*YOUR GOAL*: Everything from the line that contains "CHERRY OAKS - Residential" through the final line of the records below should be quoted exactly, except the pictures.

*RAW DATA*:
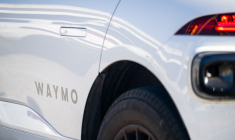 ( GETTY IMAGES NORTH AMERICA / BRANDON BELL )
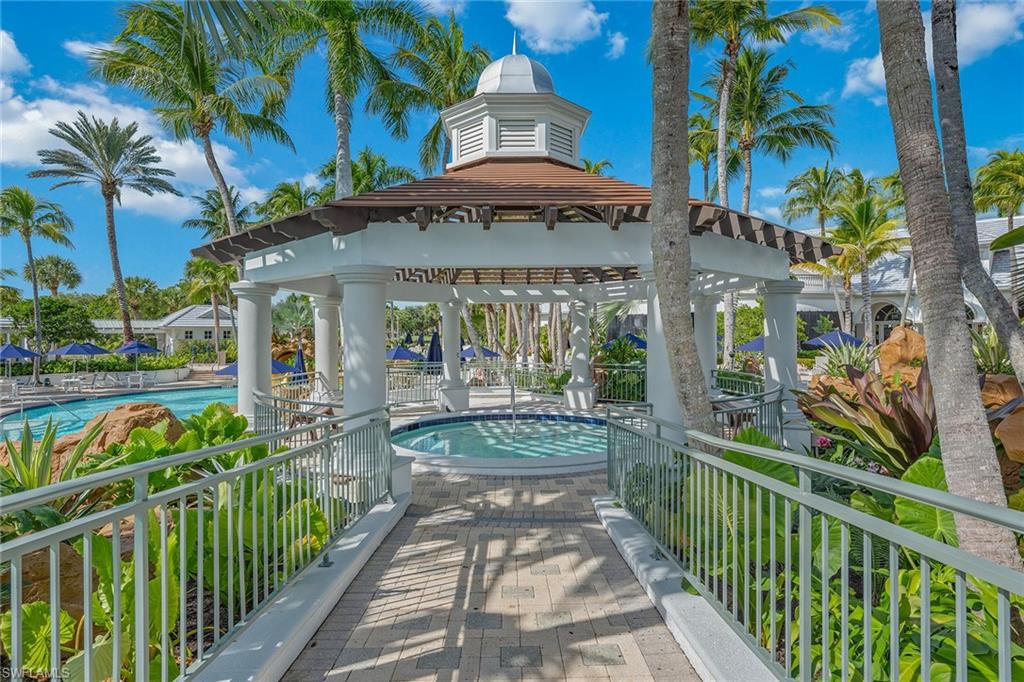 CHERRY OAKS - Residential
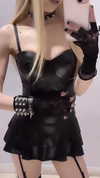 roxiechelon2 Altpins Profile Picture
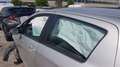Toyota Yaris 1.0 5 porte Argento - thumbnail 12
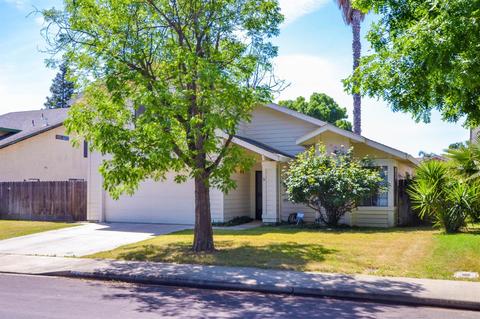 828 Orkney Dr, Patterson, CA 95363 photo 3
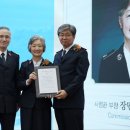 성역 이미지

*SOLUTION*:
 CHERRY OAKS - Residential
 roxiechelon2 Altpins Profile Picture
Toyota Yaris 1.0 5 porte Argento - thumbnail 12
 828 Orkney Dr, Patterson, CA 95363 photo 3
 성역 이미지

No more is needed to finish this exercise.